A payee can treat the guaranteed amount from the payer’s reserve as the maximum float the payee will allow for a payer. In traditional finance, float is money that a payee receives, but due to processing delays is still accounted for in the balances of both the payer and payee’s balances. Similarly, in PM, float is the value of winning tickets that a payee has received, but has not yet successfully redeemed on-chain. In PM, the maximum float for a payer is the cumulative value of winning tickets that a payee will accept prior to rejecting additional tickets until the payee observes the successful redemption of its winning tickets. The payee accepts winning tickets up until this maximum float because the allocation from payer’s reserve guarantees this amount even if the payer’s deposit is depleted. As a payee receives winning tickets, it increases its current float for the payer and as a payee observes successful ticket redemptions, it decreases its current float for the payer.

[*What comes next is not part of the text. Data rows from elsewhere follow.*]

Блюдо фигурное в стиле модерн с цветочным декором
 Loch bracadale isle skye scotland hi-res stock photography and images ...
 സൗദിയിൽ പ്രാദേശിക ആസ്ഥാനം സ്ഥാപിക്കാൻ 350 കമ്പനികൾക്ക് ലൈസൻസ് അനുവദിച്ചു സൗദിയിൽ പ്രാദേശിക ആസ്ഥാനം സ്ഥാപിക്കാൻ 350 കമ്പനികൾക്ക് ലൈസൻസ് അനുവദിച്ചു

Local Recipient Set Commitments

While a payer reserve can be used to compensate payees in the event of payer overspending, a payer still needs to:

  • Define a recipient set with a bounded size (as noted by [5])
  • Allocate a certain amount of the reserve to each recipient

These two requirements can be fulfilled using recipient set commitments (a concept introduced in [5]). When a payer creates its reserve, it will also create a recipient set commitment for the reserve — only the recipients included in the commitment will be eligible to claim from the reserve. This commitment is the root of a Merkle sum tree, a variant of a Merkle tree where each leaf contains an additional numerical value and parent nodes contain the sum of the numerical values in their child nodes. A payer can specify the value to commit to a particular payee by including the value in a leaf node along with the payee’s address. Then, the root of the tree will contain the sum of all the committed values in the leaves which is the total reserve for the recipient set.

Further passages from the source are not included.